Social media sites such Facebook and Twitter have given consumers with complaints about poor customer service, faulty products, and anything else that they find annoying, the perfect platforms to share their grievances with the masses. For the most part, these complaints are more or less on the level, but there are some on the other hand that are obviously borne out of frustration with life in general, and due to this you really can’t help but feel sorry for the customer service rep sometimes. Customer service workers are forced to respond to some truly ridiculous complaints, from some very unruly customers, with dignity and poise. Imagine what customer service responses would be if the rep actually said what they were truly thinking. One Facebook account did just that, and the result was nothing short of hilarious.

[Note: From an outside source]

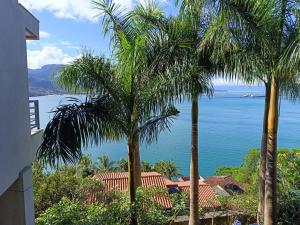 una vista del océano entre dos palmeras en Lounge Suites De Luxo Piuva, en Ilhabela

No doubt there are a fair share of customer service reps declaring the cheeky Facebook account camouflaged under the name “Customer Service” as their new personal hero. This counterfeit customer service rep has been taking to social media, and a variety of company sites, responding to customer complaints with satire and hilarity. The result? Complainants are both angered and confused while the rest of the world have a chuckle at their expense. The companies that fell victim to this imposter probably didn’t find it quite as amusing as the rest of us did and there was probably at least some damage control needed after the complain. In “Customer Service’s” defence, however, a couple of these complainants really did deserve it.
Stereotypical fast food blunders.
One of the customer complainants duped by Customer Service was a man named Paul. Paul was having a particularly clumsy day that involved him spilling tea on his shirt, but according to Paul this just wasn’t one of those things, it was as a result of “stereotypical fast food blunders”. That -and the fact that although his fries were of adequate temperature, they were served to him without ketchup – formed the basis of his complaint. Oh, the humanity! Read below to see what Customer service had to say:
Paul- “stereotypical fast food blunders…. Upon first sip of tea, it spilled all the way down my shirt. Fries were hot enough, but no ketchup. They weren’t busy either. I know…. my fault completely….”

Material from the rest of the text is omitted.